Automatic update for selinux-policy-41.10-1.fc41.
* Mon Jul 22 2024 Zdenek Pytela <zpytela@redhat.com> - 41.10-1
- Update afterburn file transition policy
- Allow systemd_generator read attributes of all filesystems
- Allow fstab-generator read and write cryptsetup-generator unit file
- Allow cryptsetup-generator read and write fstab-generator unit file
- Allow systemd_generator map files in /etc
- Allow systemd_generator read init's process state
- Allow coreos-installer-generator read sssd public files
- Allow coreos-installer-generator work with partitions
- Label /etc/mdadm.conf.d with mdadm_conf_t
- Confine coreos generators
- Label /run/metadata with afterburn_runtime_t
- Allow afterburn list ssh home directory
- Label samba certificates with samba_cert_t
- Label /run/coreos-installer-reboot with coreos_installer_var_run_t
- Allow virtqemud read virt-dbus process state
- Allow staff user dbus chat with virt-dbus
- Allow staff use watch /run/systemd
- Allow systemd_generator to write kmsg
Please log in to add feedback.
This update was automatically created
This update's test gating status has been changed to 'waiting'.

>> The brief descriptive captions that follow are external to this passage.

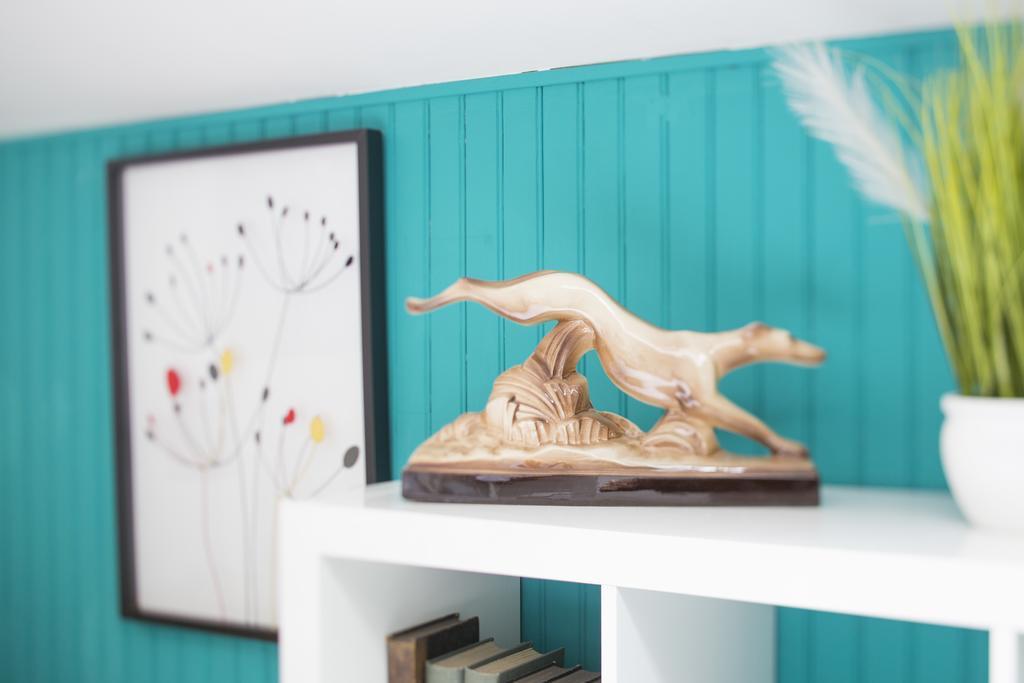 Une Chambre Chez Dupont Bordeaux Exteriér fotografie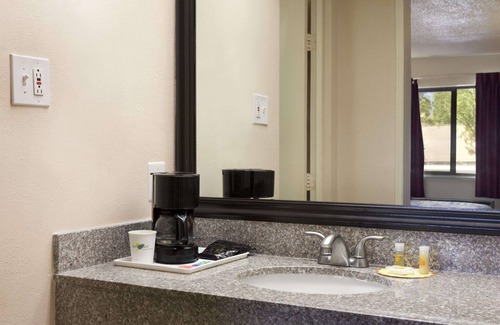 Southside Hotel | Days Inn by Wyndham Santa Fe New Mexico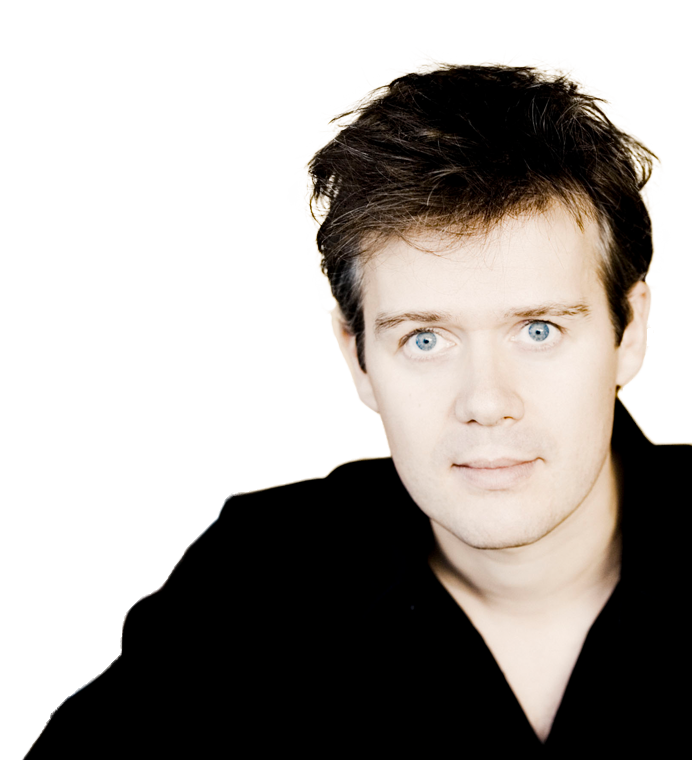 Michel van der Aa
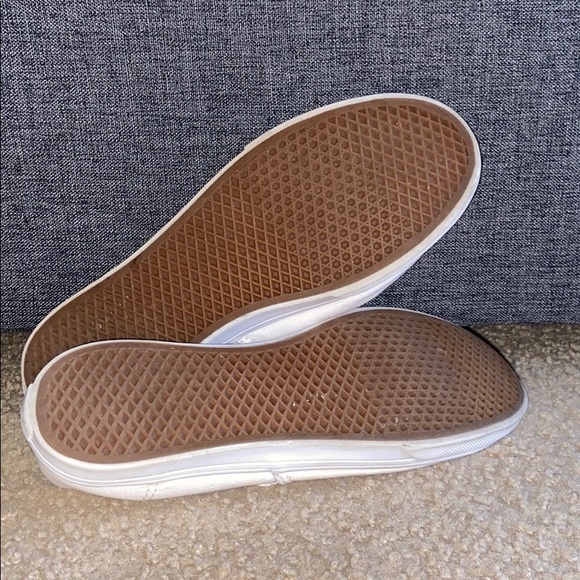 WHITE VANS - Picture 4 of 4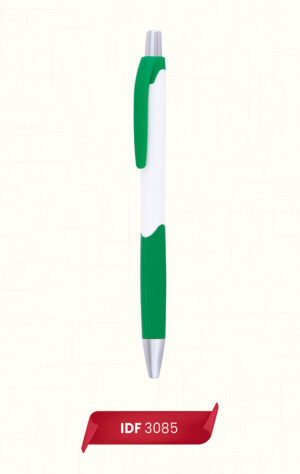 plastic pen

This update's test gating status has been changed to 'failed'.
Is there any way to retract this update quickly? This breaks so much, it's rather unbearable..
By the timing and symptoms, I'm also quite sure this is what breaks the stratis tests (like https://github.com/stratis-storage/stratisd/pull/3642 and a handful of others):
@martinpitt which firewalld version do you have? I have firewalld-2.1.2-3.fc41.noarch and the service starts properly
That's hard to say unfortunately, the TF log doesn't print them anywhere: https://artifacts.dev.testing-farm.io/eceffdf6-95df-4eec-a623-a1aaca405ac7/ (presumably because it's not installed, but is part of the base image).

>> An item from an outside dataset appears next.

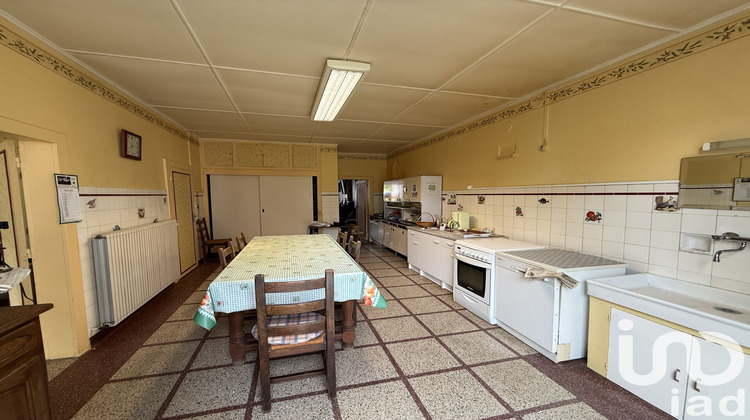 Ma-Cabane - Vente Maison Poissons, 221 m²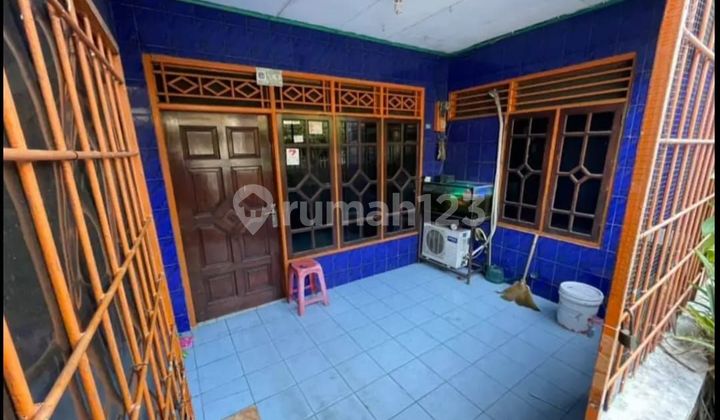 Di Jual Rumah 1,5 Lt Di Daerah Menceng, Gg Mushola 2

But I suspect it may actually be the unpushed 2.2.0-1.fc41 from FEDORA-2024-3766dd8914 , that mentioned the same problem.
However, even if that is a firewalld problem, the "automated tests" here has 24 failures, including your own (functional): https://artifacts.dev.testing-farm.io/93dcde52-a95e-460f-881f-9f2fcfad0507/
firewalld 2.2.0 was untagged from Rawhide today because it was broken, perhaps the issue is related to that
I'm in the process of restarting update.* tests, there was another problem in shadow-utils
This update's test gating status has been changed to 'waiting'.
@kparal, if it was because of adding NoNewPrivileges, that's easy to detect and fix https://github.com/fedora-selinux/selinux-policy/pull/2254
Certainly I reviewed our tests results before merging the distgit PR, all are known issues and no new problem was found
This update's test gating status has been changed to 'passed'.
This update has been obsoleted by selinux-policy-41.11-1.fc41.